(100, 18,000)
(200, 37,000)
(300, 48,000)
(400, 66,000)
Write an equation for the line that models the data.
maybe it'd be easier without all the zeros:
1 18
2 37
3 48
4 66
y=17x comes close. The errors are
1 +1
2 +3
3 +1
4 -2
Use your favorite regression tool for a more exact line. The best-fit line is
y = 15.5x + 3.5
a good calculator and grapher is at
http://www.alcula.com/calculators/statistics/linear-regression/
It requires at least 5 data points, though so enter 5,81 as a 5th point, since it is exactly on the line of best fit.
To write an equation for the line that models the given data, we can use the slope-intercept form of a linear equation: y = mx + b, where m is the slope and b is the y-intercept.

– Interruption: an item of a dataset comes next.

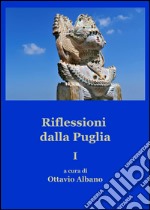 Riflessioni dalla Puglia. Vol. 1 libro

First, let's calculate the slope (m):
We can calculate the slope (m) using the formula:
m = (change in y) / (change in x)
m = (48,000 - 18,000) / (300 - 100)
m = 30,000 / 200
m = 150
Next, we need to find the y-intercept (b).
We can substitute any of the given points into the equation and solve for b.
Let's use the point (100, 18,000):
18,000 = 150 * 100 + b
18,000 = 15,000 + b
b = 18,000 - 15,000
b = 3,000
Now we have the slope (m = 150) and the y-intercept (b = 3,000), so we can write the equation:
y = 150x + 3,000
Therefore, the equation for the line that models the given data is y = 150x + 3,000.